Reviewer Mutante de la Mesa 9 of the review website ondassercianas.com wrote, "Overall, it is entertaining, however, this was not the best of Gordon Liu's films. It tried to do some clever things, but perhaps didn't overcome its low budget and, probably, a short filming time. Shaolin vs. Vampire is a very peculiar movie".

In a review of the film, reviewer VinylCraft stated, "This movie is extremely fun and it's extremely light-hearted. This is not a serious movie at all. If I were to describe this movie in one word, I think it would be 'adorable'. This is probably the cutest movie with kung fu and vampires that you'll ever see. [...] The biggest problem with this movie is probably the quality of the film. This is obviously a very low-budget production and it was probably shot on video. [...] So the film quality is not great. The picture is kind of fuzzy. But I don't think that detracts from the quality of the story. I feel like the story is really good and the performances are excellent. [...] I would say this is probably a children's movie. [...] But do I recommend Shaolin vs. Vampire? 100% yes. Go ahead and watch it. It's a real feel-good movie and it's a lot of fun and I think that anybody can enjoy this movie."

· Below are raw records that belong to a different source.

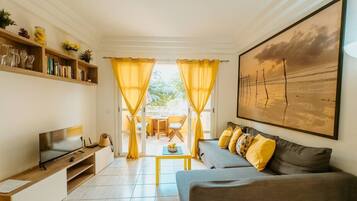 Een flatscreentelevisie, videogames en boeken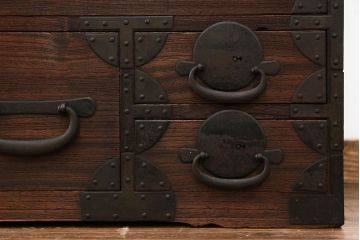 アンティーク家具　古民具・骨董 大きな丸金具の時代箪笥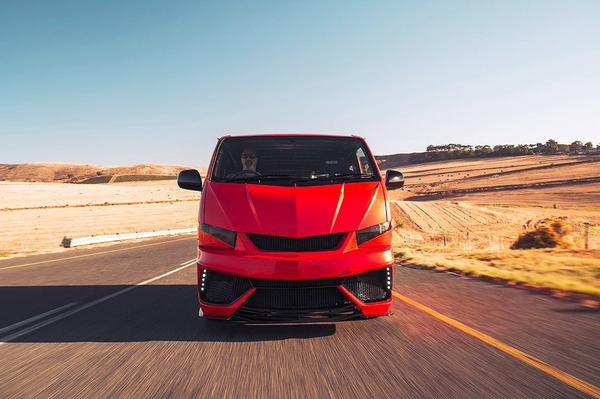 Minivan Toyota HiAce độ phong cách siêu xe Lamborghini, dùng động cơ V12 mạnh 600 mã lực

Reviewer Mitch Reviews Everything stated, "This film is very unusual. It's unusual because I really didn't care for this one, as much as that pains me to say. [...] Children in movies just don't do it for me. [...] The other thing that's really bad in this one is how terrible the kung fu is. [...] This is absolutely one of Gordon Liu's worst kung fu efforts ever. [...] I give this one a huge, huge thumbs down for the jiangshi genre."

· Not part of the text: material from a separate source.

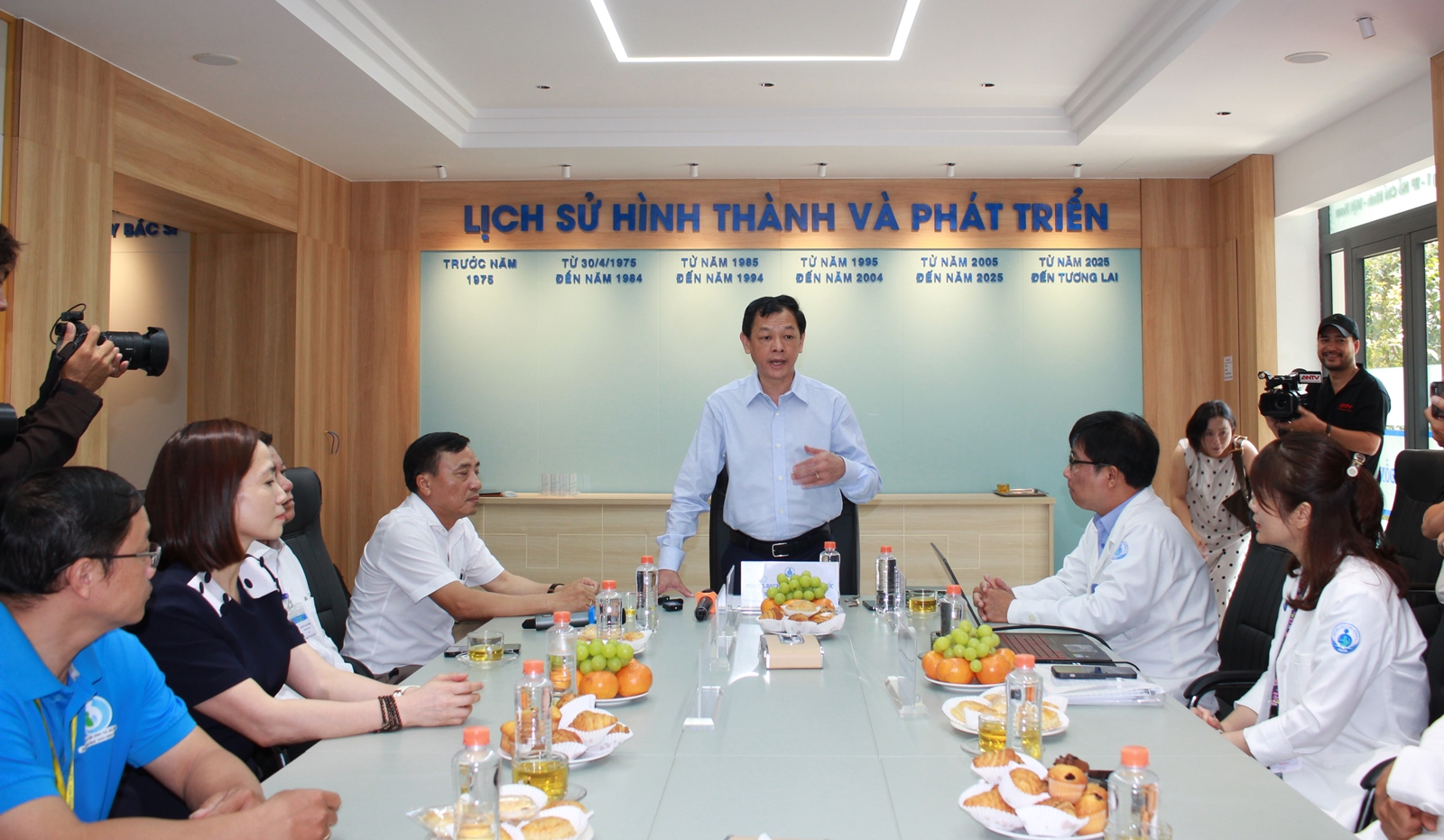 Thứ trưởng Bộ Y tế Nguyễn Tri Thức: 'Đừng để trẻ bị bạo hành rồi mới vào cuộc'- Ảnh 3. Thứ trưởng Bộ Y tế Nguyễn Tri Thức: 'Đừng để trẻ bị bạo hành rồi mới vào cuộc'- Ảnh 3.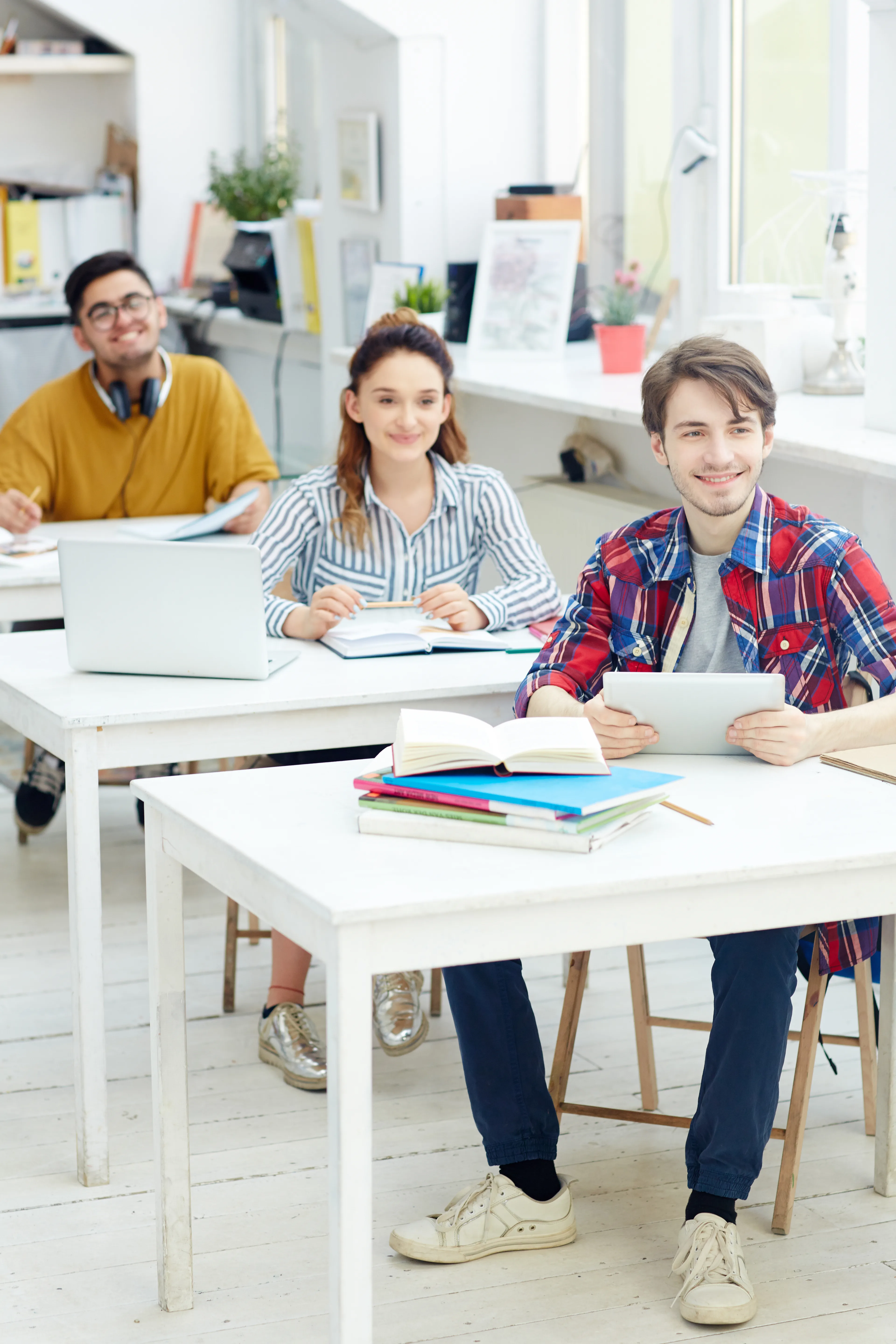 English for Job Interviews: Phrases and Preparation - Yorkshire College blog thumbnail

A review on the website jiangshimovie.blog.fc2.com notes that "it was shot in a home-video style". The review continues, "The makeup and costumes of the Kyong-Shi are as cheap as you can get. However, after watching the film several times, the home-video-like quality and the cheapness of the film make it seem more homey and relaxing, which is a strange thing. The adaptability of human beings never ceases to amaze me." The review concludes, "For those who picked up this work, you may be in a half-crying state after watching it, saying, 'You've got to be kidding me!' and you may want to smash the DVD (or VHS). But I want you to calm down and look at it from a different perspective. There are plenty of things to be irritated about, Liu Jiahui's action is still good, the sound effects during fighting are like those in Shobra's films, the insert song 'Summer Vacation of the Little Jiangshi Boy' is excellent [...] there are scenes that you may have seen before in some movies, and the content can be safely watched by children and families because there are no cruel descriptions... If you take these things into consideration when watching this film, it is quite an enjoyable film (I feel). Based on these facts, the film is quite enjoyable (I feel)."